Es gibt Kritik, dass der Fußball einerseits betont, dass man ihn nicht überfrachten darf und andererseits das Image des gesellschaftlichen Lagerfeuers bedient, wenn es ihm nutzt. Beispiel: der Wiederbeginn des Spielbetriebs im Corona-Lockdown. Ist das nicht zwiespältig?

Das ist eine schwierige Frage. Natürlich hatte der Profi-Fußball während des Lockdowns eine Sonderstellung. Das liegt aber daran, dass der Fußball als Volkssport Nummer eins auch den gesellschaftlichen Auftrag hat, die Menschen in so einer Extremsituation abzulenken. Zudem hingen auch an diesem Bereich 10.000de Arbeitsplätze und da spreche ich nicht von den Spielern auf dem Rasen.

Wo sehen Sie den Unterschied zu anderen gesellschaftlichen Themen?

Was der Fußball nicht kann, ist politische Themen nachhaltig in der Gesellschaft zu etablieren. Bei Themen wie Rassismus oder Gewaltverherrlichung können wir nur auf das Problem aufmerksam machen. Da müssen wir differenzieren und sagen, dass es ein Schritt zu viel für den Fußball und den Profisport insgesamt wäre. In ihren Möglichkeiten haben der Fußball und die Profisportarten aber erkannt, dass sie eine gesellschaftliche Verantwortung haben und erfüllen diese auch.

Ganz konkret zur Nachhaltigkeit in den Profiligen. Wie steht der deutsche Fußball da?

Es ist gut, dass Nachhaltigkeitskriterien für die Lizenzierung der 1. und 2. Bundesliga festgelegt wurden. Wir haben aber noch einen weiten Weg zu gehen. Sowohl im Fußball als auch generell in der Gesellschaft. Wir müssen auf ökonomische und ökologische Nachhaltigkeit setzen. Also sowohl den CO2-Abdruck beachten und die Mobilität, aber auch nachhaltige Organisationsstrukturen und Diversität in den Vereinen. Gerade da müssen alle noch intensiver arbeiten, weil es eigentlich schon fünf nach zwölf ist.
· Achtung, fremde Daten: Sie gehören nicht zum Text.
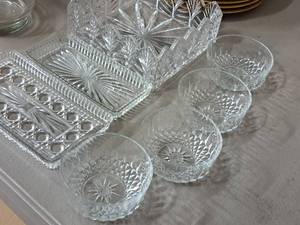 lot 484 image: Lot of (7) Assorted Glasswares - Serving Platters, Bowls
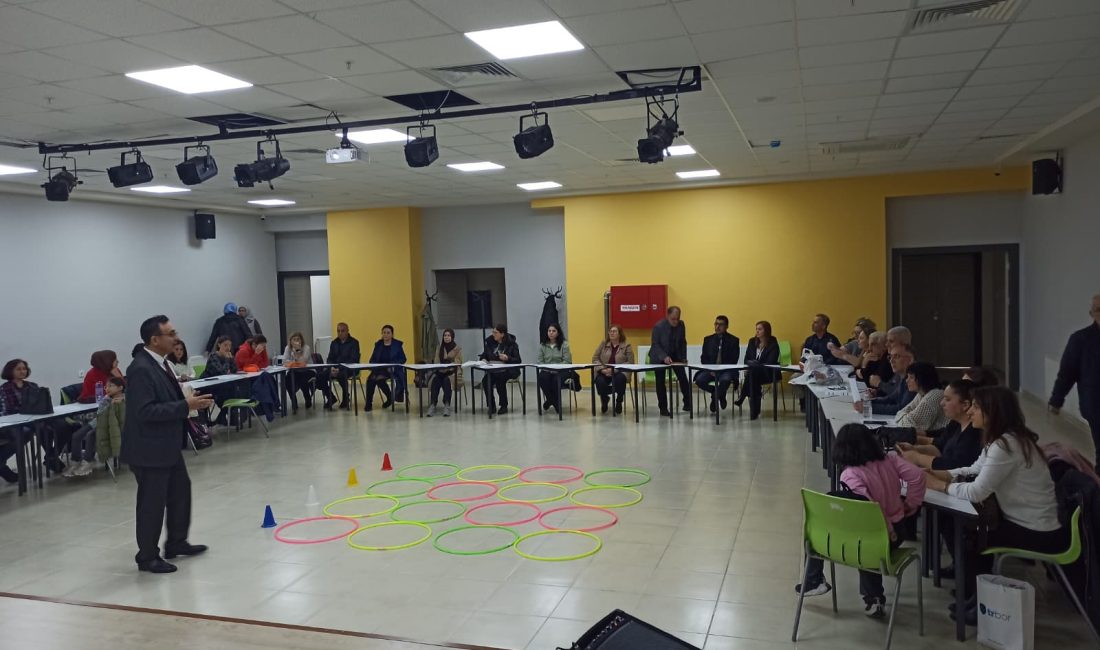 Bandırma’da öğretmenlere yeni müfredat atölyesi Bandırma İlçe Milli Eğitim Müdürü Mutlu Aslan’ın katılımıyla 17 Eylül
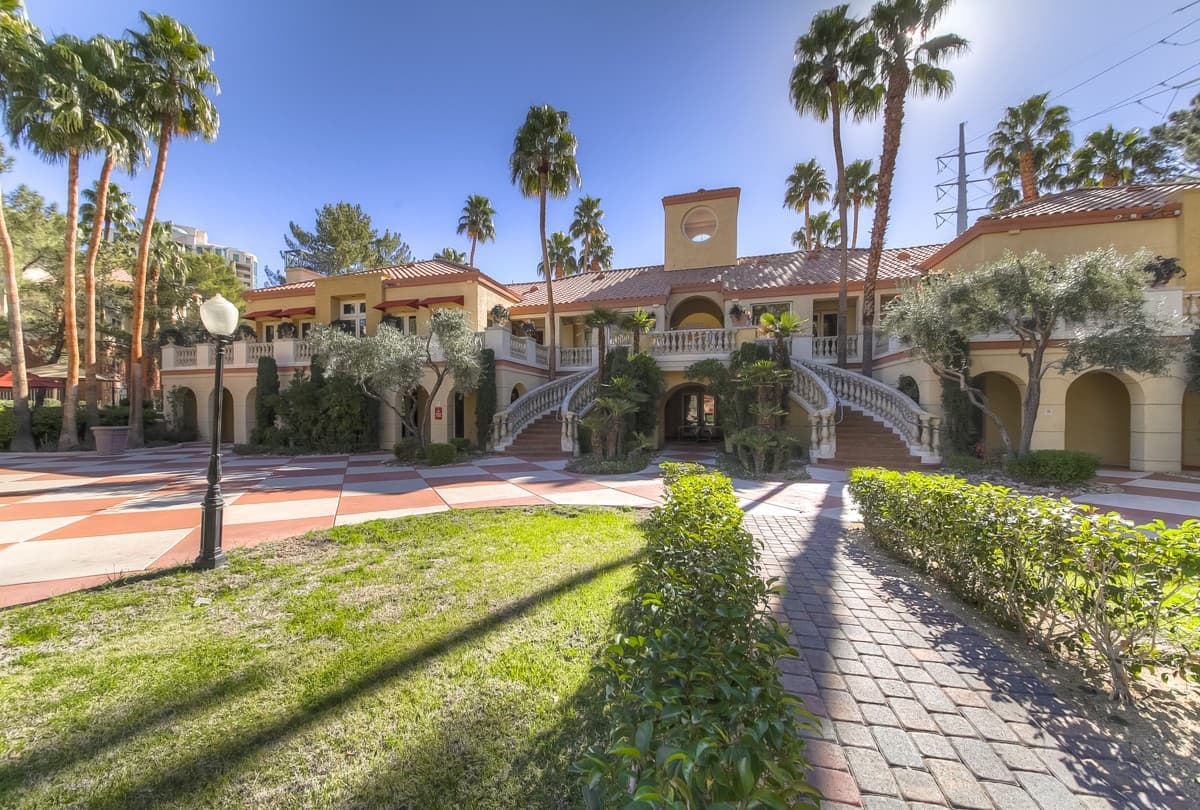 Las Vegas Condo: 210 E. Flamingo Rd #315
Wie stehen Sie Kritiker:innen gegenüber, die die getroffenen Maßnahmen trotzdem als unzureichend bemängeln?

Die haben recht, aber es geht gesamtgesellschaftlich zu langsam. Veränderungsprozesse in der Gesellschaft dauern generell oft zu lange. Es betrifft auch nicht nur Deutschland oder Westeuropa, sondern die Weltgemeinschaft. Es wird immer drastischer und immer früher im Jahr ist es der Fall, dass wir eigentlich alle Ressourcen aufgebraucht haben, die die Erde uns jährlich zur Verfügung stellt.